Earlier this year, I followed the pilgrim's path to Santiago. I have not written much about my experiences along the Way, other than a few notes here on this blog. This is mainly because I'm too lazy and ill-disciplined to marshal my thoughts and impose structure on them, but it is also because there is a lot to say about the journey along the Camino. I have posted some photos on Flickr.
In the Orthodox Church, we commemorate this great saint on April 30. Today is not a liturgically significant day for me, but today my heart is in Spain, in Santiago de Compostela -- and with the many wonderful people I met as I walked west towards the See.

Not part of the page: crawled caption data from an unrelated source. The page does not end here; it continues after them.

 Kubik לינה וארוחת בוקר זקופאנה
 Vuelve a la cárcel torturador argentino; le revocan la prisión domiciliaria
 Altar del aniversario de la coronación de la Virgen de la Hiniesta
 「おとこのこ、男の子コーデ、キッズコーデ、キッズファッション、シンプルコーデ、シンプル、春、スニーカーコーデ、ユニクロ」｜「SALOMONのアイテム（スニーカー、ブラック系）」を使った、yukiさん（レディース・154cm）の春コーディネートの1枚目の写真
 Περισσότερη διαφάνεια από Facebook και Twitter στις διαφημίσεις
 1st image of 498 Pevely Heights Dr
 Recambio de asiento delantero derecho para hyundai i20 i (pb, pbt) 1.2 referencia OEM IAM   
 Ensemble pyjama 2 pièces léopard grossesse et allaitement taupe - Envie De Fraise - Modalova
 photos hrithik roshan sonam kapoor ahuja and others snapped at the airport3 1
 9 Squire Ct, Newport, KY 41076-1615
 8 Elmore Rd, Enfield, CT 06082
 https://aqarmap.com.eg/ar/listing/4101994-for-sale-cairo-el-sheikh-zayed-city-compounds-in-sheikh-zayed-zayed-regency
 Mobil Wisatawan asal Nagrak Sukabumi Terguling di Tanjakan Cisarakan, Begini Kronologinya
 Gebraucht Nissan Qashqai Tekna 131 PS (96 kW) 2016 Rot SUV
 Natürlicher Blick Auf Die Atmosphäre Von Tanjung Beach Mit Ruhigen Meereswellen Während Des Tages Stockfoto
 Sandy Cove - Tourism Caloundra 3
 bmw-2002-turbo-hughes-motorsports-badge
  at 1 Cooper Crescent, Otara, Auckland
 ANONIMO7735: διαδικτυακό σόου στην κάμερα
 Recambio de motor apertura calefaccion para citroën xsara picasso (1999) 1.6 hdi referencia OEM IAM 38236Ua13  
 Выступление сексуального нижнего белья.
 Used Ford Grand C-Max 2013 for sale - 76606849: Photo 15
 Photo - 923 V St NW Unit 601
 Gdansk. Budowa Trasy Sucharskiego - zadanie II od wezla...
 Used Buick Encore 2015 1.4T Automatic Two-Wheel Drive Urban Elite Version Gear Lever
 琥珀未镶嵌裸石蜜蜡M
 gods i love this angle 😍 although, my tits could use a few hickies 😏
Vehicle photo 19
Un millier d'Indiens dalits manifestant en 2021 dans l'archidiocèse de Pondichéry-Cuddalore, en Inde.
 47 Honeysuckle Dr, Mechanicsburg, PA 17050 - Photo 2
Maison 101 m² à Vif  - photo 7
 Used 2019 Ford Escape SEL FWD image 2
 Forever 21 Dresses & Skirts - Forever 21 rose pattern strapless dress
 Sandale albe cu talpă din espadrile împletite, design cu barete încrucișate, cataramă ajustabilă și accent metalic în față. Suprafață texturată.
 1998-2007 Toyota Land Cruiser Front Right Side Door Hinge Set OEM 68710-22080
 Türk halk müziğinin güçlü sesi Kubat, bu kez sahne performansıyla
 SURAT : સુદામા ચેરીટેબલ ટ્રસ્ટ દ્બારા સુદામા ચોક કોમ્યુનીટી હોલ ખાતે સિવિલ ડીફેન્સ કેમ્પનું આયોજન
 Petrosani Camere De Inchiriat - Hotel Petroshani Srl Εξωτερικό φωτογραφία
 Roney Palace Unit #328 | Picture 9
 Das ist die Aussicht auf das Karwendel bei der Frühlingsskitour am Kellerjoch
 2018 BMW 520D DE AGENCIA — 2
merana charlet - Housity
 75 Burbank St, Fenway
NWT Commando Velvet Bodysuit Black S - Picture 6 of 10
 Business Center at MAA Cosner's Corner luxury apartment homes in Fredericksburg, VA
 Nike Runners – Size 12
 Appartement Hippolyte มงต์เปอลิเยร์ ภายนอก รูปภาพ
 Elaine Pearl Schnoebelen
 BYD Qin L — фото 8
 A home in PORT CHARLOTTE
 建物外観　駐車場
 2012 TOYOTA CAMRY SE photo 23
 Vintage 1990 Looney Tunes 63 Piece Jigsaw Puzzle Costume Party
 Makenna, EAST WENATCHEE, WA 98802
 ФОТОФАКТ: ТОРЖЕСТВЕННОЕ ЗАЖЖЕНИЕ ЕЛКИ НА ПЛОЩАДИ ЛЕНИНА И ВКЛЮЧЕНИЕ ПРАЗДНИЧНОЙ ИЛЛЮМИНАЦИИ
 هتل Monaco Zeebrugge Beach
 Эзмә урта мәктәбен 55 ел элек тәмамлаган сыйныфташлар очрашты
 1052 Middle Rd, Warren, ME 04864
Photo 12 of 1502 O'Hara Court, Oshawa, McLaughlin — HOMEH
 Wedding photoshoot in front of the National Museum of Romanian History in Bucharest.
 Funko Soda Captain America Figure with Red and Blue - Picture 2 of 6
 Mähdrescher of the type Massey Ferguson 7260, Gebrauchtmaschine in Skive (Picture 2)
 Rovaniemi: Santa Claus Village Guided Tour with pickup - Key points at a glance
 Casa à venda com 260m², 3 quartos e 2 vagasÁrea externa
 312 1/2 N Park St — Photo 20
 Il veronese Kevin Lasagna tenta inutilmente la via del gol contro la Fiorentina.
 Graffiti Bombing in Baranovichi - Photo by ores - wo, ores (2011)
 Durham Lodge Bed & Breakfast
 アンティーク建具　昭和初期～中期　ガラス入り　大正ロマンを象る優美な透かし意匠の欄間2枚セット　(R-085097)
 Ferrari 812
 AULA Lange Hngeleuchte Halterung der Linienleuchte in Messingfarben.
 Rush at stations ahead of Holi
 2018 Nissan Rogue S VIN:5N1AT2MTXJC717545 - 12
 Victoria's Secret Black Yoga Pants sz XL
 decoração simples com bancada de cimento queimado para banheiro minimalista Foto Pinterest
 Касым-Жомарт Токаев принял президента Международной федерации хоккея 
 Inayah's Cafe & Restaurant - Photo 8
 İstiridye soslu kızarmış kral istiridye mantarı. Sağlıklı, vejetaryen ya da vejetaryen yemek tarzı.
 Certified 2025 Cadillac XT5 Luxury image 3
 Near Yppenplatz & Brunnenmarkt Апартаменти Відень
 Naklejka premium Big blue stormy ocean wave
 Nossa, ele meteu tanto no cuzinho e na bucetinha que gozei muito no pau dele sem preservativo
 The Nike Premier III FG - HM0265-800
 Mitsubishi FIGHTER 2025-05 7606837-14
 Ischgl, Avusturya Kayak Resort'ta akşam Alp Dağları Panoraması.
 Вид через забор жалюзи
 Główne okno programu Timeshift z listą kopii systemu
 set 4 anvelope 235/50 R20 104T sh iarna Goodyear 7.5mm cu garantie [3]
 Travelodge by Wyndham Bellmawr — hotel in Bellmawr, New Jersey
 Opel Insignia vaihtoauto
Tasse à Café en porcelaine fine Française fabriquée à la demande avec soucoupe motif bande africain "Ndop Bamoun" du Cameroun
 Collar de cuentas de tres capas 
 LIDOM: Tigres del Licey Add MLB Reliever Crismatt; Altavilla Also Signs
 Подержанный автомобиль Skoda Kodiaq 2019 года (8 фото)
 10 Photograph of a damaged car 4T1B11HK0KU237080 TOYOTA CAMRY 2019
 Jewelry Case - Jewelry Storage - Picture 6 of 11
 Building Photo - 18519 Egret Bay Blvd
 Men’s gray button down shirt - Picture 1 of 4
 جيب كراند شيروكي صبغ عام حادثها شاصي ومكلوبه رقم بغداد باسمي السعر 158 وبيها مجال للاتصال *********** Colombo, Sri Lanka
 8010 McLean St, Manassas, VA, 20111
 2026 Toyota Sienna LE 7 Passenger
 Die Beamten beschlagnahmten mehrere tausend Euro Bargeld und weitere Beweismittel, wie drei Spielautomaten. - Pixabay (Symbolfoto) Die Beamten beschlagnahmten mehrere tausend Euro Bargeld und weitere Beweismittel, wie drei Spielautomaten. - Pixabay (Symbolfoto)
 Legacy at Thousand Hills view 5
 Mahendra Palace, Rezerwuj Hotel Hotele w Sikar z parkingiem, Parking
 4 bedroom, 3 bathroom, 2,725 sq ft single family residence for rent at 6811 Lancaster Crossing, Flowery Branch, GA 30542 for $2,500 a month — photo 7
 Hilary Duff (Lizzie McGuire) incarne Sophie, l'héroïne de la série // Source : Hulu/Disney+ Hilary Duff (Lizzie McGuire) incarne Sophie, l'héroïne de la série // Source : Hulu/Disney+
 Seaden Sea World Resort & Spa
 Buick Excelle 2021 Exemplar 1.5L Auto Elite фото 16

In France, it was possible to go into a church, buy a candle and leave it lit. In Spain, these flickering representations of prayer have been replaced with small bulbs which light up when a coin is deposited. The larger the denomination of the coin, the longer the "candle" stays lit. (Liturgical docetism, I call it.) By the time I got to Santiago, I had resigned myself to this sad state of affairs, but I still bought a candle in the cathedral gift shop. (Signs were prominently posted in several languages announcing that these candles could not be lit inside the church.) I will bring this candle to church with me today, and as I light it I will remember my fellow pilgrims, as well as all those who helped me along the way.
The feast of St. James will not fall on a Sunday again until 2021. I would consider it a great blessing to be there again at that time.
Come now, you who say, “Today or tomorrow we will go to such and such a city, spend a year there, buy and sell, and make a profit”; whereas you do not know what will happen tomorrow. For what is your life? It is even a vapor that appears for a little time and then vanishes away. Instead you ought to say, “If the Lord wills, we shall live and do this or that.”